The following was based on the Thursday, 4 March 1926 Belle Plaine News (Belle Plaine, KS):

It was a pre-spring day in the first week of March 1926. M.C. and Carrie made a trip to Belle Plaine, likely a routine shopping trip to stock up on food staples and farm supplies. The town was situated northeast of their farm. Returning home, as they drove up, to their surprise they noticed a strange car parked near their house. And coming out of their house was a man carrying a large sack. Upon seeing the homeowners’ unexpected return, the startled robber dropped the stolen booty, dashing to his accomplice waiting in the getaway car. As the bag fell, revealing its squawking contents, M.C. and Carrie realized these men were chicken thieves!

Carrie hurried out of their car to phone the authorities — as cell phones weren’t yet invented, she had to use landline in the house — meanwhile M.C. started in hot pursuit after the speeding getaway car and remaining stolen chickens. Despite his efforts, the culprits eluded him and he had to give up the chase. However, Carrie began doing some detective work with her phone calling. She learned that men with the same description of these two thieves had stolen chickens from another farmer, who lived west of Riverdale, in Seventy-Six Township. Joe B. Sylvester, a 58-year-old farmer born in Illinois, had knowledge that his stolen chickens had been sold to the Barrett Brothers Feed Store, located in Wichita, Kansas.

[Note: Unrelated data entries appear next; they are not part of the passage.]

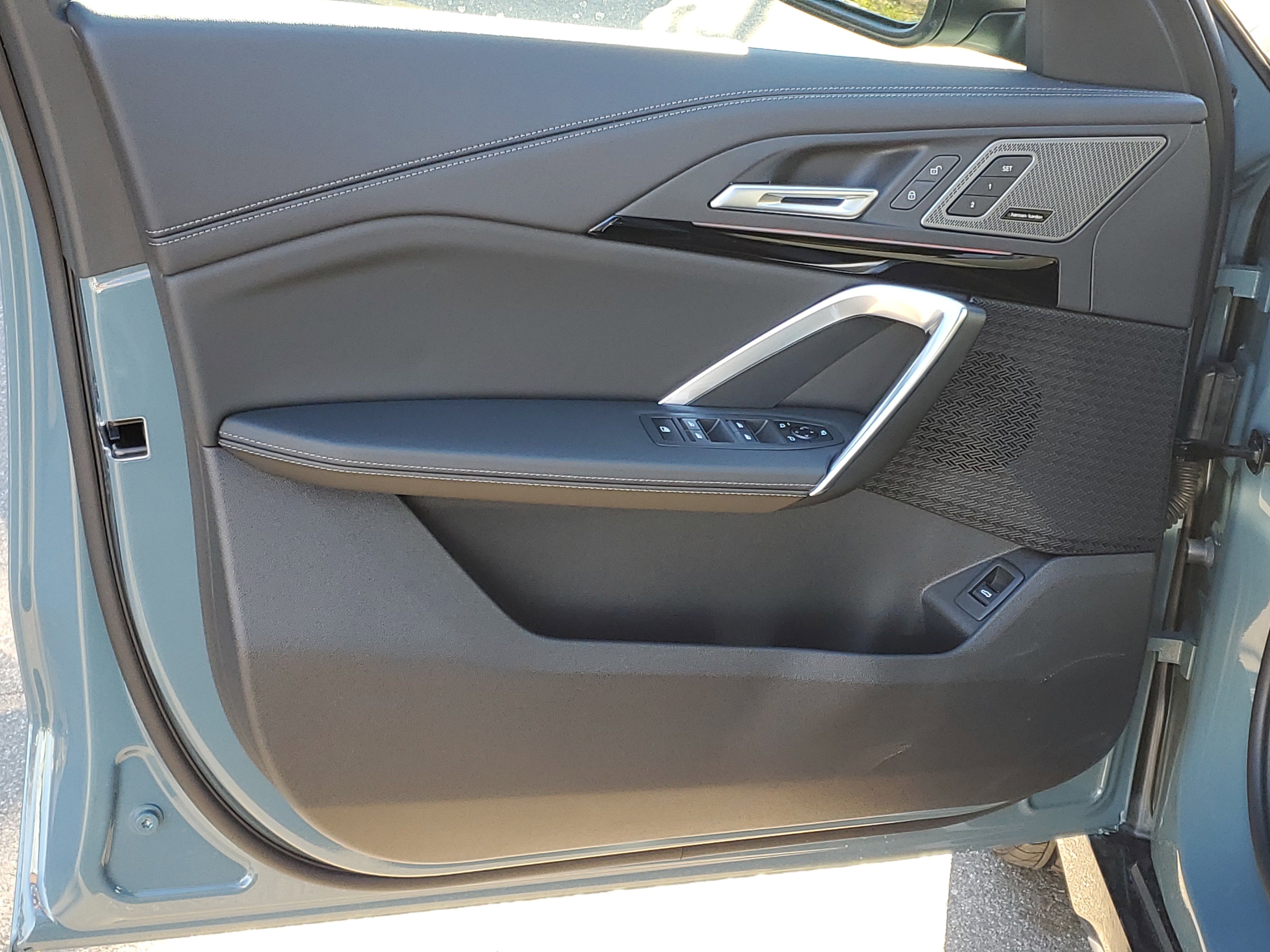 New 2026 BMW X1 xDrive28i image 5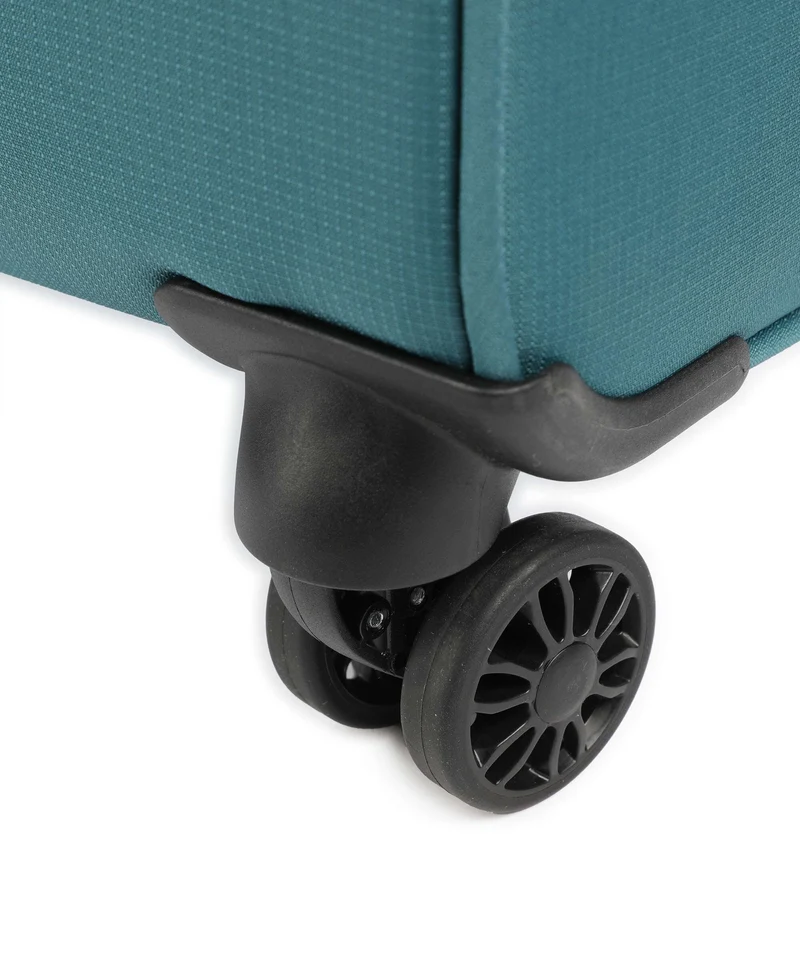 American Tourister Cloudrider L Valise 4 roues misty teal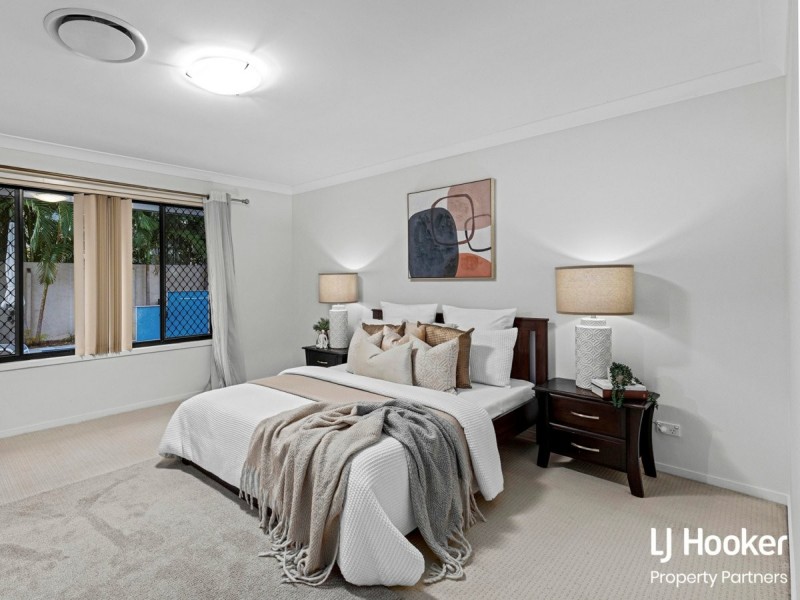 4 Nabeel Place, Calamvale QLD 4116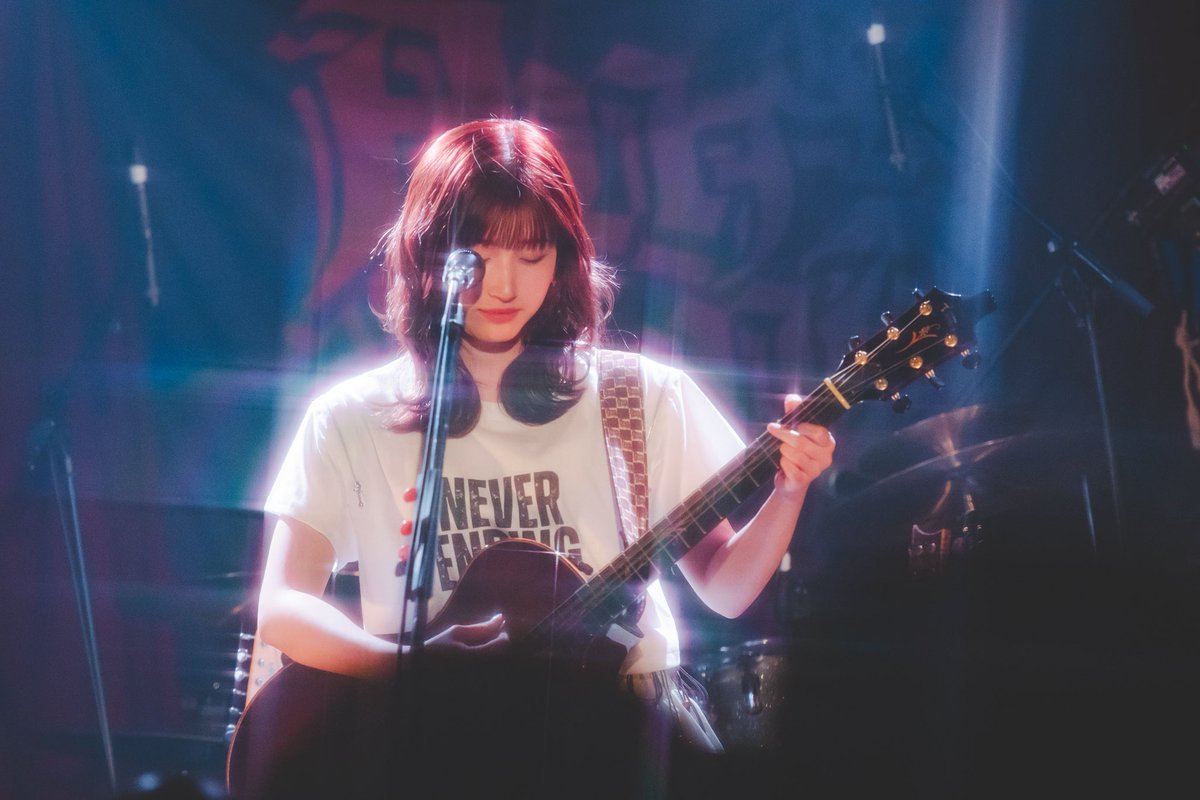 bhodhitMGZN's tweet image. 新たな船出の後に、渋谷スターラウンジでのワンマンライブをあらためて振り返ります。
・【安城夢那】未来の種は夏に—— 2025.7.27 ワンマンライブ『Never Ending Challenge』追想
→x.gd/yscAX

instagram→x.gd/x8aPl

#安城夢那
#バディットマガジン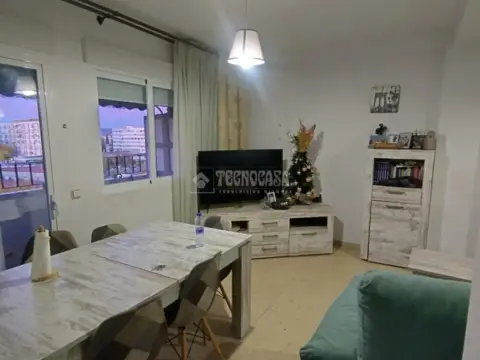 Piso en Fuensanta-Arcángel-Cañero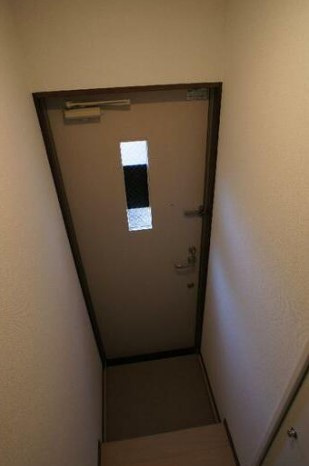 ハイドレンジアのロビー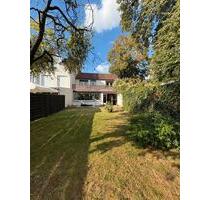 Schönes Reihenendhaus im Herzen von Langenhagen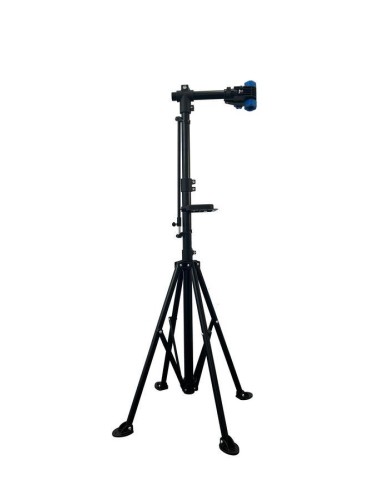 Stojan Strend Pro, na bicykel, na opravu kolies, servisný, 109-190 cm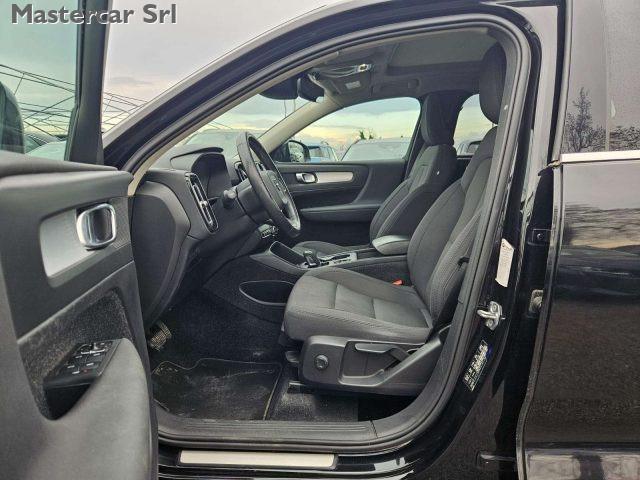 VOLVO XC40 XC40 1.5 t5 phev Inscription Expression - GC582JH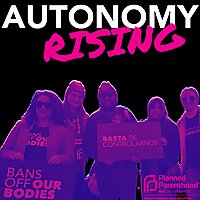 Autonomy Rising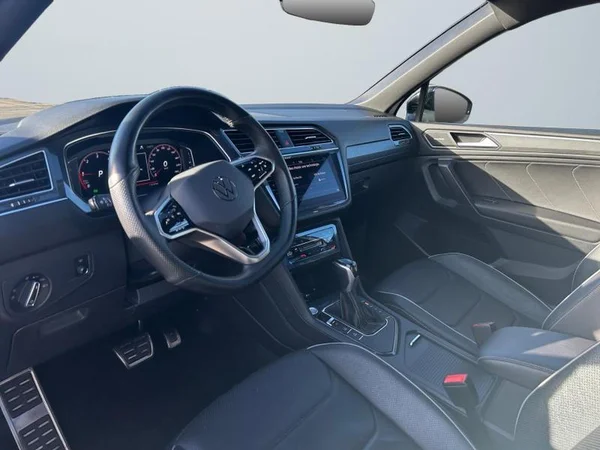 VOLKSWAGEN Tiguan Allspace Dsl (2022) — foto 35 van 35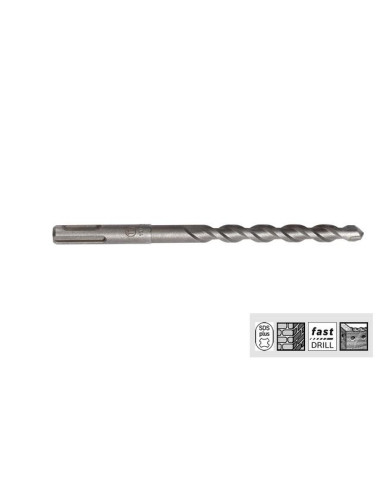 BOSCH WIERTŁO SDS PLUS 20 x 450mm PLUS-1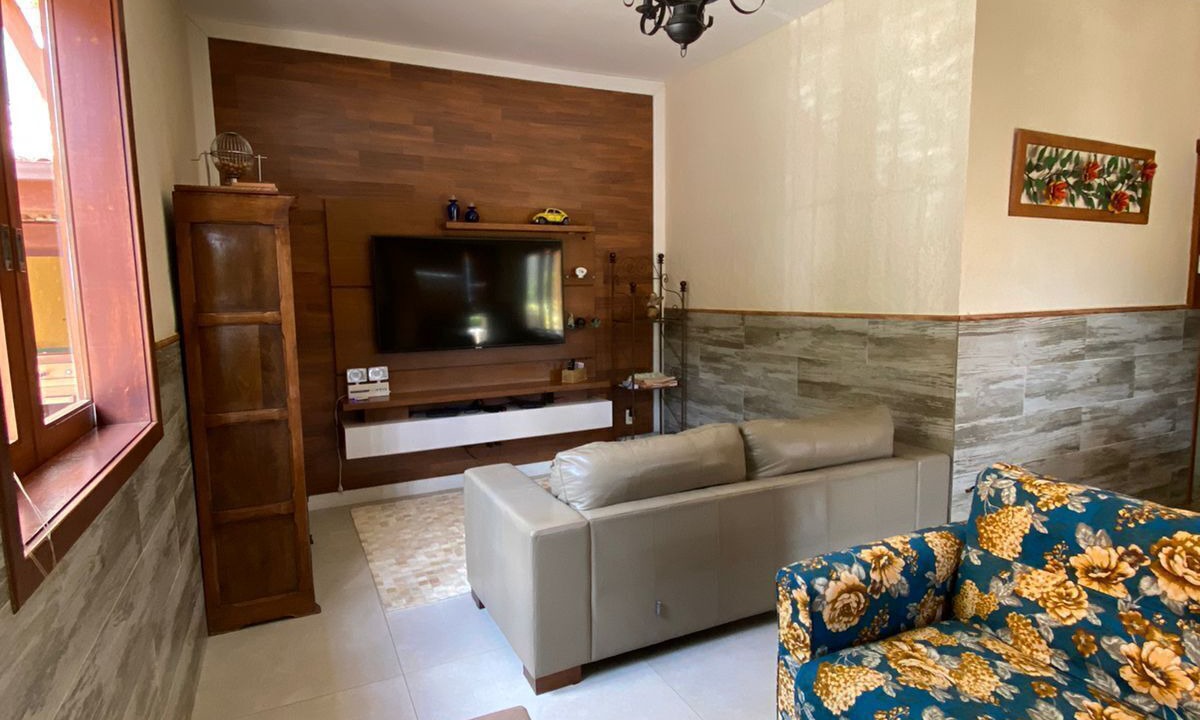 Photo of Livingroom in Itaipava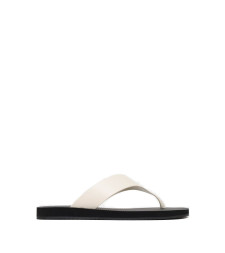 [THE ROW] Sandals SS26 F1839L825IVBL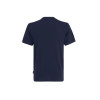 Camiseta de manga corta Fila BRILL FAU0200 en azul marino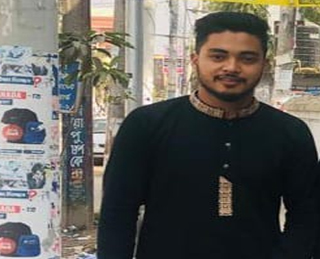 ছাত্রলীগ সাহিনুল ইসলামকে খোঁজছে পুলিশ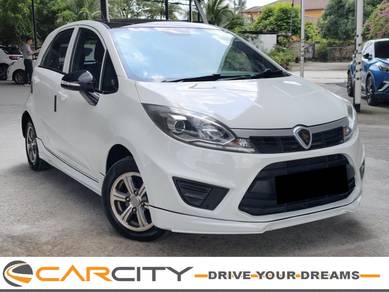 Proton Iriz EXECUTIVE in Kajang, SGR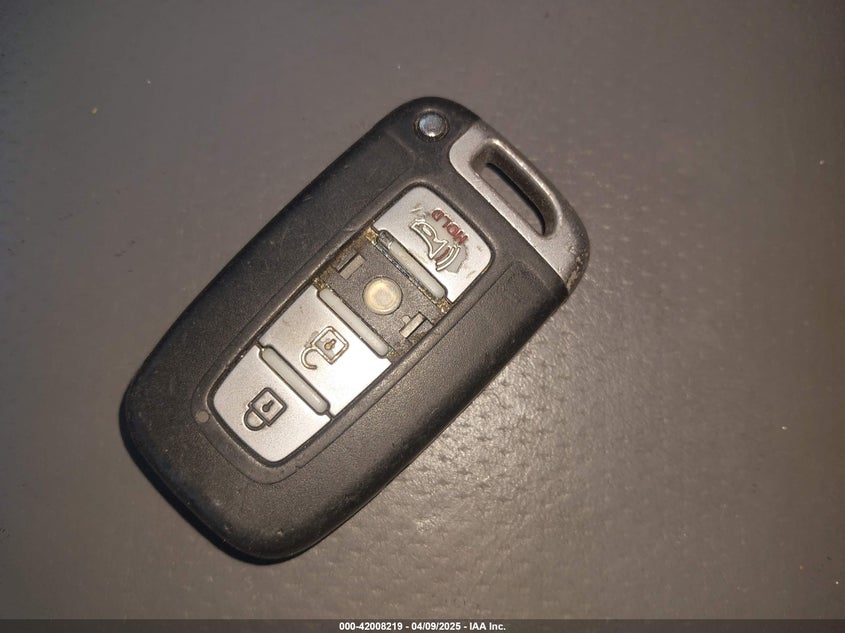 2012 HYUNDAI SONATA VIN: 5NPEC4AC2CH469899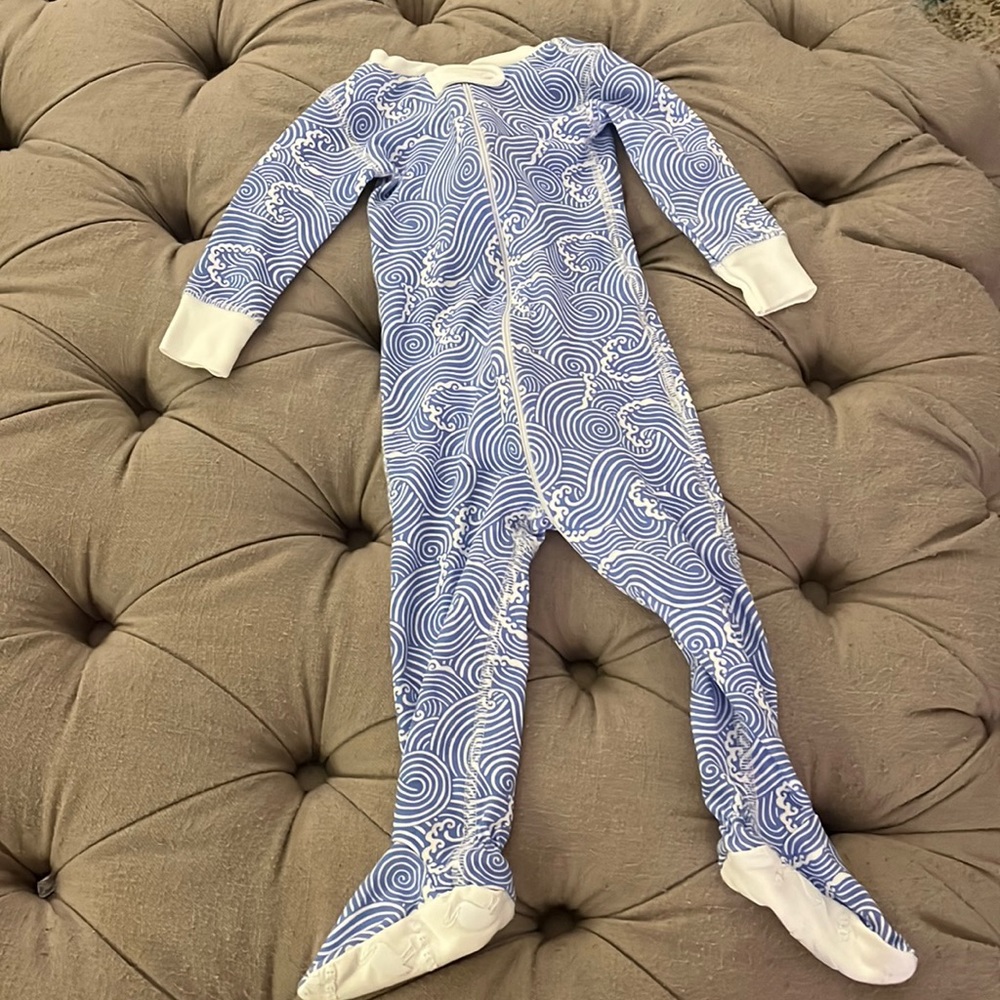 The Beaufort Bonnet Company onsie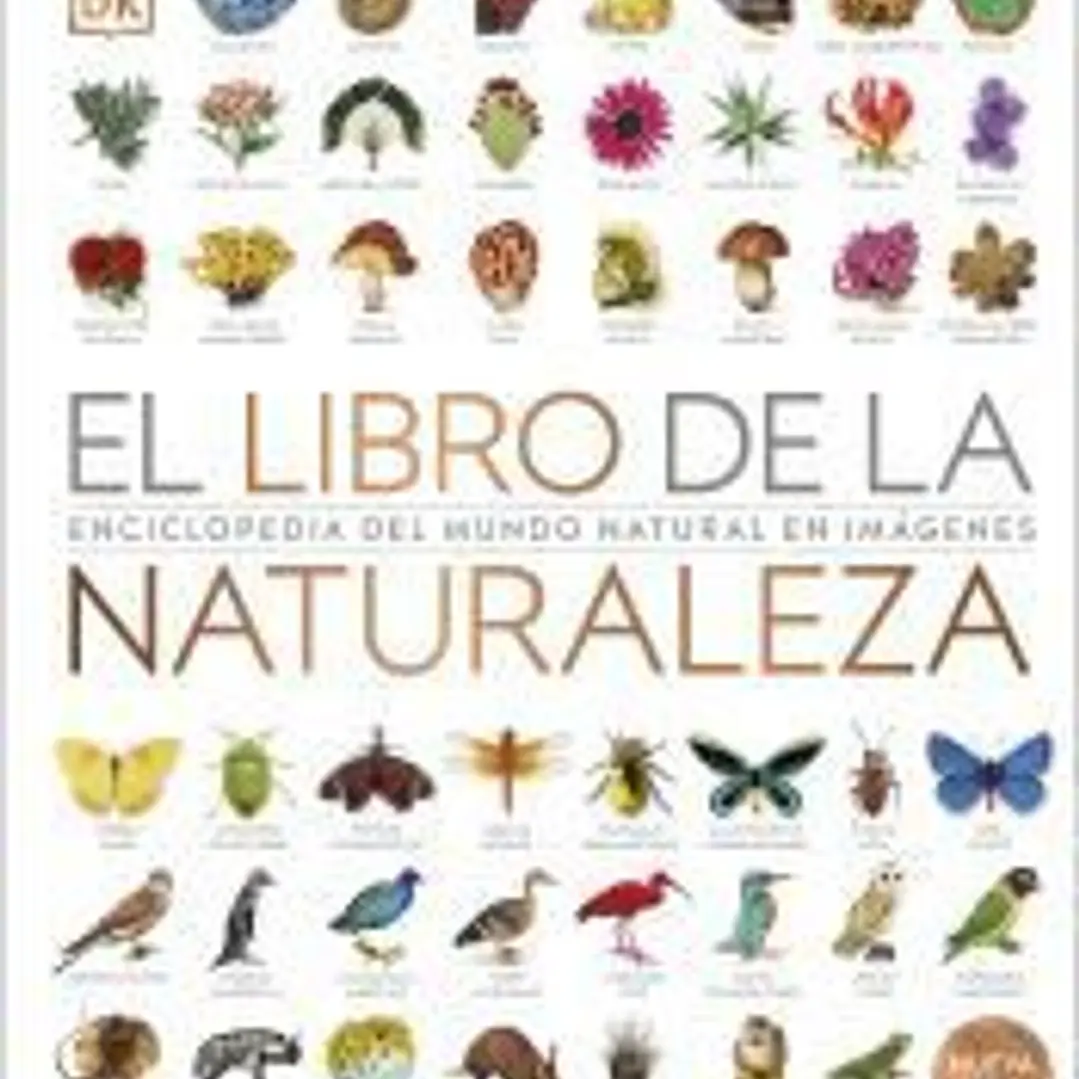 El libro de la naturaleza Nueva edición 1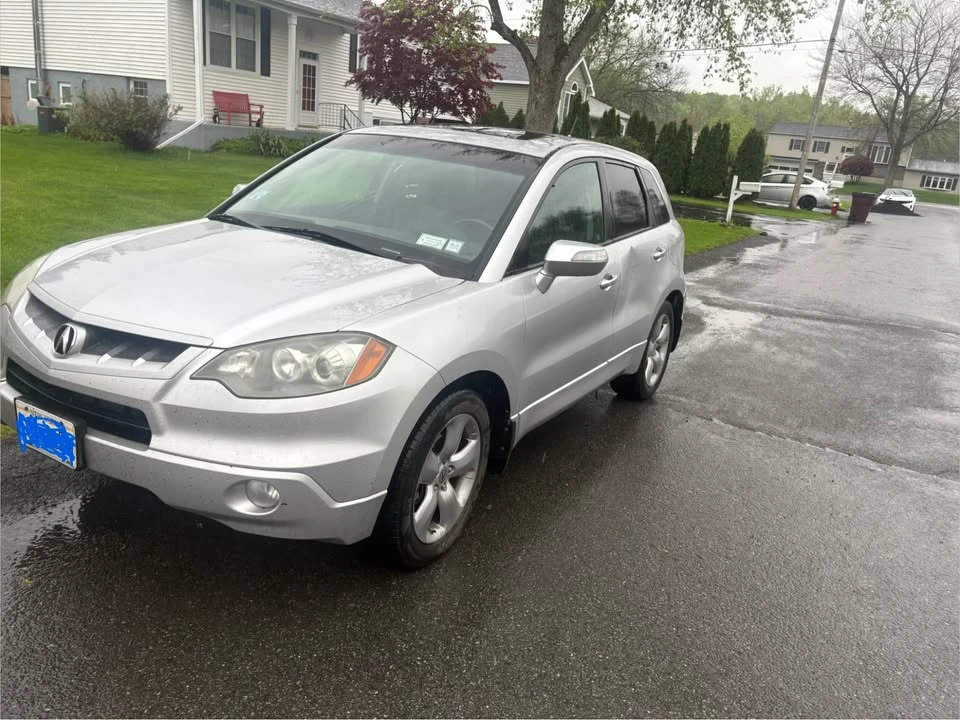2007 Acura RDX 1st Gen - Image 11 of 13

Immediately, Carrie telephoned the feed store in Wichita. When the shopkeeper answered, she gave him a description of the chicken thieves and asked if he had seen them in his store recently. No, he hadn’t. But 20 minutes later, the feed store owner called. Yes, men answering to that description had just come in, trying to sell the chickens. He was holding them there until the authorities arrived to arrest them. They were later identified as Ira Moore, of Argonia, Dixon Township, Sumner County, Kansas, and Max Laird, of Arkansas City, Cowley County, Kansas. On Thursday morning, the 4th of March, M.C. pressed local charges against Moore and Laird, for theft of $42 worth of chickens (about $570 today). The prisoners were currently being held in Wichita’s Sedgwick County Jail. The trial would take place in Wellington, Sumner County. It was figured the thieves had sold more than $125 (about $1,700 today) worth of “hot” chickens to this Wichita feed store within the past four weeks, and several hundred dollars worth prior to that.